About this task:
Within the material below, transcribe exactly the lines from the one holding "团宠小祖宗是大佬热门推荐" through the one holding "2013 ISO9001-2000 Hot", keeping both ends and skipping the rest.

*** Records for the task ***

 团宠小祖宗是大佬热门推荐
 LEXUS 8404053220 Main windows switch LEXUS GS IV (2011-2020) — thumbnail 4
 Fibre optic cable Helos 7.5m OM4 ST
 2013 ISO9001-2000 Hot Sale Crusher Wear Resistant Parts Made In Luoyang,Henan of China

*** End of Records for the task ***
*** Records for the task ***

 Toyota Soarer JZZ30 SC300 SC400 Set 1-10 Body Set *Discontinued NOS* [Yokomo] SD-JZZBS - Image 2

*** End of Records for the task ***

Result:
 团宠小祖宗是大佬热门推荐
 LEXUS 8404053220 Main windows switch LEXUS GS IV (2011-2020) — thumbnail 4
 Fibre optic cable Helos 7.5m OM4 ST
 2013 ISO9001-2000 Hot Sale Crusher Wear Resistant Parts Made In Luoyang,Henan of China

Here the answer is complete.